** DATA RECORDS follows **
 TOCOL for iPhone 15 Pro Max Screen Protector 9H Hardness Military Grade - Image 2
** End of DATA RECORDS **
** DATA RECORDS follows **
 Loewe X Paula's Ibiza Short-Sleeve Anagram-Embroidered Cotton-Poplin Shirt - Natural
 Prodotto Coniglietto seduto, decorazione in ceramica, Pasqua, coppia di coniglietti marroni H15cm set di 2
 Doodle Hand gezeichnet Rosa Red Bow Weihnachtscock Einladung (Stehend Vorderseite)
** End of DATA RECORDS **
(YOUR ASSIGNMENT):
Copy out each line of the data above, exactly, if it lies between the line holding "Prodotto Coniglietto seduto, decorazione" and the line holding "Doodle Hand gezeichnet", inclusive; copy no other line.

(YOUR SOLUTION):
 Prodotto Coniglietto seduto, decorazione in ceramica, Pasqua, coppia di coniglietti marroni H15cm set di 2
 Doodle Hand gezeichnet Rosa Red Bow Weihnachtscock Einladung (Stehend Vorderseite)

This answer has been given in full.